(DATA SECTION)

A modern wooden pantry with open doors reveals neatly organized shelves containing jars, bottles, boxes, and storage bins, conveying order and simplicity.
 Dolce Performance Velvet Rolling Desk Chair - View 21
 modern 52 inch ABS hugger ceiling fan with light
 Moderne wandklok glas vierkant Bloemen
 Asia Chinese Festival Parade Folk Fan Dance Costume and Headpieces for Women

(End DATA SECTION)

_WHAT IS REQUIRED_
The first line of the entries above marks where to begin; repeat each line exactly through the one that contains "Dolce Performance Velvet", and include that line.

_EXERCISE OUTPUT_
A modern wooden pantry with open doors reveals neatly organized shelves containing jars, bottles, boxes, and storage bins, conveying order and simplicity.
 Dolce Performance Velvet Rolling Desk Chair - View 21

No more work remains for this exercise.